Exercise input:
──────────

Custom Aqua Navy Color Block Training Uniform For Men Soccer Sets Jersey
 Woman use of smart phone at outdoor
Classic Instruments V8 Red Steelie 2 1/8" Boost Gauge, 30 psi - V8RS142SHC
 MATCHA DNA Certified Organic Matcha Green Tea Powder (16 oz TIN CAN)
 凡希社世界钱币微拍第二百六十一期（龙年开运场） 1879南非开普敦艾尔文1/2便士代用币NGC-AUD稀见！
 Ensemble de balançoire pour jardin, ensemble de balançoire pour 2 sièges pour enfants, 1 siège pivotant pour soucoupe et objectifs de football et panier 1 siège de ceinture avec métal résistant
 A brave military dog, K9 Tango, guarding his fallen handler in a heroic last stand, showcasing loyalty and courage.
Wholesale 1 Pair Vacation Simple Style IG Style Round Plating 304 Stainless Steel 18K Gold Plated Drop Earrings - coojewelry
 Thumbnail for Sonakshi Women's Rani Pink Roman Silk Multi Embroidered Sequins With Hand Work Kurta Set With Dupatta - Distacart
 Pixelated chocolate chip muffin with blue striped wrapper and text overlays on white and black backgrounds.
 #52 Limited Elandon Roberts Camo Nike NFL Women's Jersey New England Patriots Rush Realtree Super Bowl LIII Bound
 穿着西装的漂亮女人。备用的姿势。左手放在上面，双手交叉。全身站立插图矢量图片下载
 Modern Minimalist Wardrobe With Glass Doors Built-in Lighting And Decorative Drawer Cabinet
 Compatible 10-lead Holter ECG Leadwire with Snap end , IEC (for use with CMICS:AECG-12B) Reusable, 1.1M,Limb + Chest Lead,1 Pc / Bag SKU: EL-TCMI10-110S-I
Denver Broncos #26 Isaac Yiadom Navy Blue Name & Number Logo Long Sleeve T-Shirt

──────────

Return a copy of each line in the records above that has "Navy" in it.

Custom Aqua Navy Color Block Training Uniform For Men Soccer Sets Jersey
Denver Broncos #26 Isaac Yiadom Navy Blue Name & Number Logo Long Sleeve T-Shirt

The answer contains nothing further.